How Project Bownet addresses the problem

Project Bownet assesses what is needed to create a common EU platform providing data on BO and ownership structure of EU corporate entities. In particular, it understands what is needed to develop an intelligent system able to put together information on BO and ownership structure coming from:

• Different EU Companies registries
• Other business databases
• Newspaper / media archives
• Other non structured sources (e.g.

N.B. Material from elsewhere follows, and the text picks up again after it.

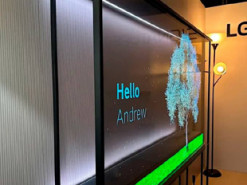 LG представила прозорий OLED-екран, який працює у бездротовому режимі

Internet, blogs, etc)
• Whereas possible: LEA and FIU database

Specifically, the activities of Project Bownet will aim to :

• Understand which information on BO and ownership could be used for developing the intelligent system
• Understand which information on BO and ownership is available at EU level, and where
• Understand how these information and data could be put together and shared across countries/institutions
• Identify the specific needs and desires of the end-users of the intelligent system
• Identify the technical requirements which such an intelligent system should have

Who will be the stakeholders and the end-users of Project Bownet

Project Bownet will provide crucial information to a number of intermediaries and other categories of stakeholders, including:

• Financial Intelligence Units (FIU);
• Law Enforcement Agencies (LEA) specialized in dismantling terrorist financing and financial crime organisations;
• Asset Recovery Offices (ARO);

All those obliged under the EU Directive 2005/60/EC to identify BO of their customers, viz.:

• Credit institutions;
• Financial institutions;
• Auditors, external accountants and tax advisors;
• Lawyers;
• Notaries, Trust and company service providers;
• Real estate agencies;
• Casinos.

Other subjects:

• EU Financial supervisory authorities and financial regulators;
• Tax agencies for anti-tax evasion purposes;
• Financial journalists and news agencies;

What is the added value of Project Bownet

It is evident that, beyond the scope of the EU AML regime, Project Bownet will also bring benefits in terms of transparency and efficiency of EU financial markets, by developing a system which could provide more detailed information about the identity of shareholders and investors and the nature of the business relationship.

These information will constitute privileged information for strengthening the security and the solidity of the EU financial system, and for preventing frauds, evasions, misuses which could undermine the functioning and the legality of the entire EU economy.